June 30, 2021
Gang Liu Organizes Book Drive for APAH Awareness
By Meghan MarinoMedia Inquiries
- Department of Modern Languages
At the end of March 2021, the United States was shaken by the murder of eight in an Atlanta spa shooting, where many of the victims were of Asian heritage. With May having been Asian Pacific American Heritage Month, Gang Liu, Carnegie Mellon University Associate Teaching Professor of Chinese Studies, wondered what he could do to best serve the Asian Pacific American community.
Liu and his fellow organizers were inspired by a book drive created by Ms. Yan (Connie) Zhao at Shadyside Academy. The Shadyside Academy book drive performed so well that it expanded to various schools and districts in Pittsburgh with the support of the Pittsburgh Chinese Association Youth Center. Liu served on an organization committee of eight individuals who created a book drive for schools located in the Upper Saint Clair School District of Pittsburgh, Pennsylvania. It raised book donations for the libraries of Boyce Middle School, Streams Elementary School, Baker Elementary School, and Eisenhower Elementary School with the topic of Asian Pacific American Heritage in mind.
“The book drive works as a cultural bridge, connecting people’s minds, encouraging communication, and helping exchange ideas,” said organizer Qiongyao Zhang.
Liu and Zhang formed the Upper Saint Clair book drive to bring cultural awareness to Asian and Pacific American communities. “Many people living in the U.S. know little about Asia or Asian culture,” said Zhang. “The current textbooks have very limited information about world history, among which Asian history and geography barely exist.” Zhang noted that the lack of education on the topic has resulted in an absence of connection between Asian and Pacific American children and their heritage, cultures, and languages.
“I met an American family with an adopted Chinese girl. The parents asked whether we have a formal APAH, Asian Pacific American Heritage, group. Their little girl has been going to Pittsburgh Chinese school for a few years but, other than that, they haven’t known what else they could do to help the little girl know more about Chinese culture,” said Zhang. “I also received an email from an Indian American family, who had the same question about the APAH group.”
"We will all face difficult days, but I promise you that you will still be able to move your life forward after any setback.” - Cindy Kadohata
Organizing member Annie Cui was moved by the overwhelming support from many authors whose books were on the donation list.

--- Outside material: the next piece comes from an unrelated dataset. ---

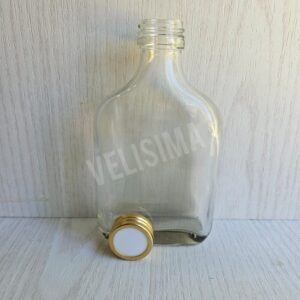 PETACA DE VIDRIO CON TAPA DORADA/ PLATEADA DIFUSORA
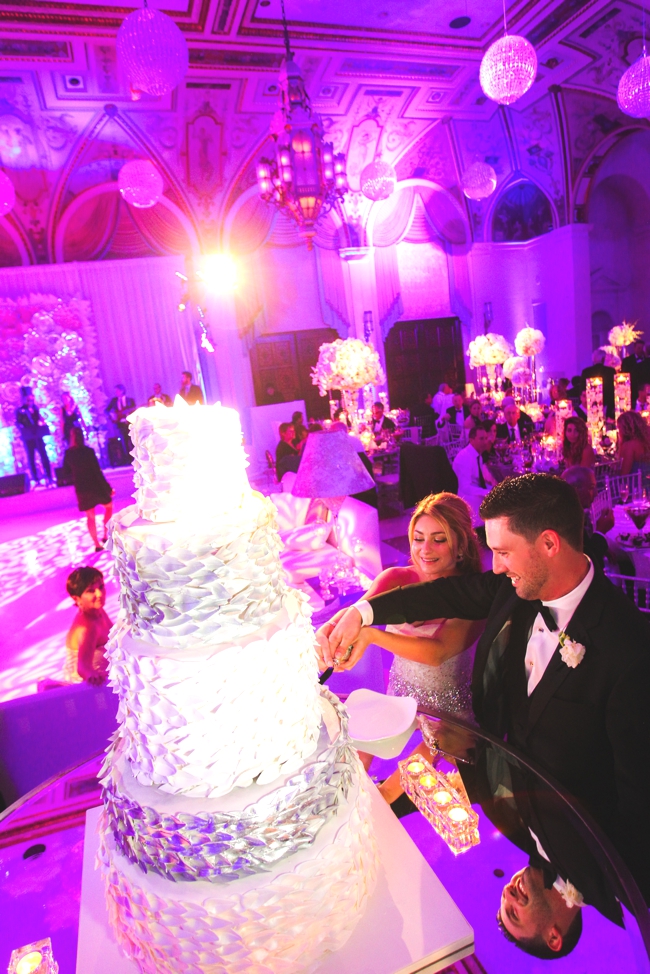 the-Mediterranean-ballroom-palm-beach-cake-cutting-and-the-hudson-band-wedding-painting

Authors such as Grace Lin, Rajani LaRocca, Uma Krishnaswami and Cindy Kadohata wrote inspirational messages and sent signed bookplates to Upper St. Clair students. Author of “A Place to Belong,” Cindy Kadohata, wrote, “What I wish to express in many of my books is that no matter how hard your day or month, or even year, is, you must find your path forward to a wonderful and meaningful life. We will all face difficult days, but I promise you that you will still be able to move your life forward after any setback.” Pittsburgh-based author, Stacy Shaneyfelt showed her support by donating her own Asian Pacific American Heritage-themed books.
“What is unique about this book drive is that it connects faculty, staff, students, families, and book authors in a joint effort to promote enriched cultural education to schoolchildren - the future driving forces for a better, brighter and more socially equitable society,” said Cui.
The Upper Saint Clair book drive, which started in mid-May, quickly received incoming donations. “More than 100 copies of books were pledged within a week,” said Liu. “We knew that many Asian and non-Asian families would like to participate before we started the book drive, but we didn’t expect that our goals could be accomplished so easily.” Liu hopes that the overwhelmingly positive response will pave the way for an even larger book drive in 2022 so that more individuals in the community can benefit.
The Pittsburgh Chinese Association Youth Center, or PCA Youth Center, will continue to host the book drive annually in May to celebrate and honor Asian American Heritage Month.
“One book drive won’t change all the stereotypes that have been formed over centuries of misunderstandings, but is still a good start,” said Liu. “In addition, the book drive has made our own kids prouder of their heritage and culture. This, to us, is a huge accomplishment.”
In addition to the Upper Saint Clair book drive, the PCA Youth Center hosts other events such as their career explorer series, where working professionals share their experiences in their respective industries and inspire high school students to explore a wide array of career paths. The most recent meeting of the career exploration series took place on June 26, 2021.